Definition
The three-dimensional shape of the radio signal radiated by an antenna, describing how signal strength is distributed in space around it. For an ILS localizer, the field pattern consists of two overlapping lobes — one modulated at 90 Hz and one at 150 Hz — that together form the on-course signal along the extended runway centerline.
Plain English
The shape of the invisible signal coming out of an antenna — where it's strong, where it's weak, and which directions it points.
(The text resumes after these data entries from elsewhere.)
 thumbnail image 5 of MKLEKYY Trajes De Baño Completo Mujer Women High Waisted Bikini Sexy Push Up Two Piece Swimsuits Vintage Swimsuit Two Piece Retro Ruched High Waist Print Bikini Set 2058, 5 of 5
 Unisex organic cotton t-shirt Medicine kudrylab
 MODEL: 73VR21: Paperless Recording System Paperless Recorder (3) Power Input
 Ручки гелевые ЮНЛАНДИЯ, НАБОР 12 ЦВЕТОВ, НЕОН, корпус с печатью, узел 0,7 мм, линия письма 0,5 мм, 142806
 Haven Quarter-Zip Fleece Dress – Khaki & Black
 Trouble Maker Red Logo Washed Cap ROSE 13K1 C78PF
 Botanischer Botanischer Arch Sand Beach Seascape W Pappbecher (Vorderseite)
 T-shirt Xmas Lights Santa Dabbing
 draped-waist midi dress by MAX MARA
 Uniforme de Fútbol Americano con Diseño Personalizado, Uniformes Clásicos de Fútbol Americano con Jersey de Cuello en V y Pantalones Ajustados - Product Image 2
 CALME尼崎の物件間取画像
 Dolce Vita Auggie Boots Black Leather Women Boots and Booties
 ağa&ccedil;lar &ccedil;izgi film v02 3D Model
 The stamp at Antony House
For the localizer, this shape is what the aircraft receiver reads to tell the pilot whether they're left, right, or on course.
Context Anchor
Seen in ILS localizer discussions, where the handbook explains how the ground antenna sends guidance signals toward approaching aircraft.
Derivation
Field' here refers to an electromagnetic field — the region of radio energy around an antenna — not a field of grass or an airfield. 'Pattern' is the shape that field takes in space. Knowing this prevents confusion with traffic patterns or airport fields.
Why Pilots Care
The field pattern determines the accuracy and usable range of lateral guidance during an ILS approach.
Analogy
Think of a flashlight beam. The bulb sends out light, but the reflector shapes it into a useful beam; a localizer antenna sends out radio energy shaped into a useful guidance area.
Intuition Check
Do not read field pattern as a traffic pattern over an airport or a painted pattern on the ground. Here, it means the invisible shape of a radio signal in the air.
Example Sentence 1
The localizer antenna's field pattern produces two overlapping lobes that the aircraft receiver compares to determine course deviation.
Example Sentence 2
During the approach briefing the instructor explained how the localizer field pattern provides course guidance in low visibility.